**Aim of the task**
Please output the lines from the one with "ӛ����u���������o�i׵���w�C���" through the end of the data exactly as written, omitting all pictures.
=== Extracted records ===
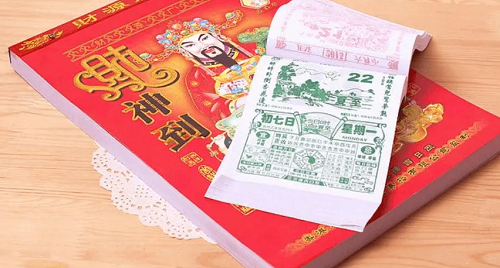 余事勿取的日子好不好 平治道涂余事勿取的日子好不好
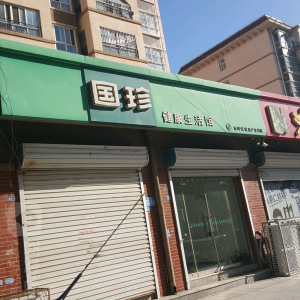 国珍健康生活馆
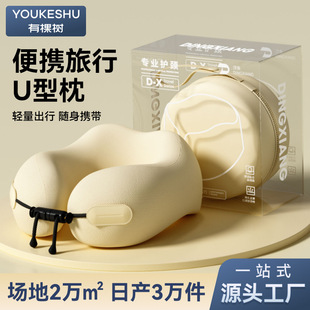 ӛ����u���������o�i׵���w�C���F˯�X�������^���ӿ�����yu����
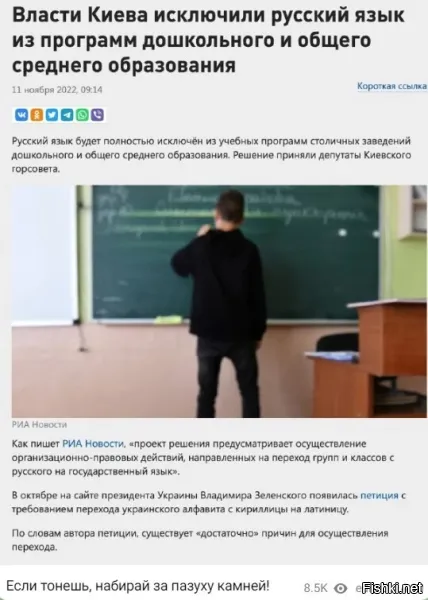 Я все понимаю, но вот вроде же хохлы не совсем идиоты (были). Зачем отказываться от Русского языка? Ну перейдут они через поколение на мову. Но ведьб они прекрасно знают, что мова, как язык очень бедна и ущербна. Это приведет к тотальной деградации будущих поколений юных свидомитов.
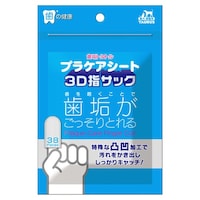 トーラス 歯垢トルトル プラケアシート 3D指サック 38枚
===
**Solution to this exercise**
 ӛ����u���������o�i׵���w�C���F˯�X�������^���ӿ�����yu����
 Я все понимаю, но вот вроде же хохлы не совсем идиоты (были). Зачем отказываться от Русского языка? Ну перейдут они через поколение на мову. Но ведьб они прекрасно знают, что мова, как язык очень бедна и ущербна. Это приведет к тотальной деградации будущих поколений юных свидомитов.
 トーラス 歯垢トルトル プラケアシート 3D指サック 38枚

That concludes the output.